Le secteur des services à la personne pourrait être éligible

Côté employeurs, le dispositif cible principalement les employeurs du secteur non marchand : les associations, les organismes à but non lucratif de l'économie sociale et solidaire et les collectivités territoriales sont prioritairement concernés. Certaines entreprises privées pourront toutefois être éligibles, « par exception », et « sur la base de projets innovants » et dans des secteurs d'activité susceptibles d'offrir des perspectives de recrutement durables comme l'aide à la personne. 

Par ailleurs, l'Etat souhaite mettre en place des contrats de génération, qui pourront bénéficier « à l'ensemble de l'économie et aux jeunes et moins jeunes ». L'idée est d'inciter les entreprises, par le biais d'une aide financière, à recruter des jeunes et à les former en recourant à leurs salariés seniors. 

Des contrats de génération pour la transmission de l'expérience entre jeunes et anciens

“D'ici à 2020, plus de 5 millions de salariés aujourd'hui en poste seront partis en retraite, et inversement, près de 6 millions de jeunes auront fait leur entrée dans la vie active.” Gérer ces mouvements en assurant un “passage de relais” entre les deux générations par le “contrat de génération”, tel est l'enjeu. 

Ce contrat serait mis en place par accord ou plan d'action sur l'emploi des seniors dans les entreprises de 300 salariés et plus, validé par l'Administration. A défaut, une pénalité de 1% serait à leur charge. 

Les entreprises de moins de 300 salariés pourraient signer directement un contrat de génération et bénéficier d'une aide de l'Etat ou signer un accord, selon qu'elles sont ou non dotées d'IRP (Institutions Représentatives du Personnel). 

L'emploi dopé par des contrats d'avenir et de génération, c'est pour la FEDESAP, dans le secteur des SAP, l'avenir des générations. 

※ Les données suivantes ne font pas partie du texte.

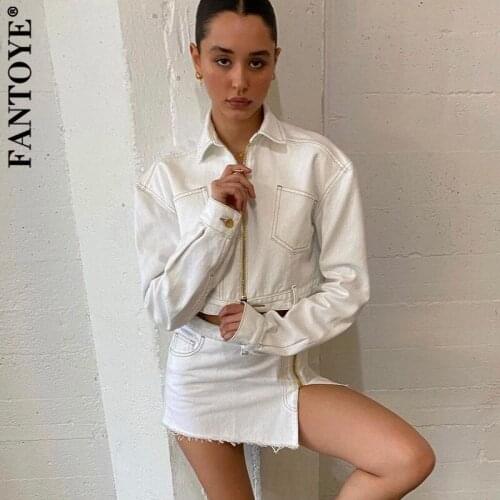 Fantoye Turn-down Collar Zipper Women Two Piece Sets White Long Sleeve Tops Sexy Split Skirts Ladies Autumn Slim Streetwear Sets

On comptait 500 entreprises sur les quelques 6 000 opérateurs de ce secteur en 2005. La « loi Borloo » a permis un fort développement puisque les entreprises représentent plus de 50% des plus de 28 500 OASP (Organisme Agréé de Services à la Personne) recensées par le fichier NOVA de l'ANSP (Agence Nationale des Services à la Personne) et que la création d'emplois a progressé, en dépit de la crise avec un secteur qui désormais pèse 1,1% du PIB et un potentiel de développement non négligeable dans un contexte économique atone.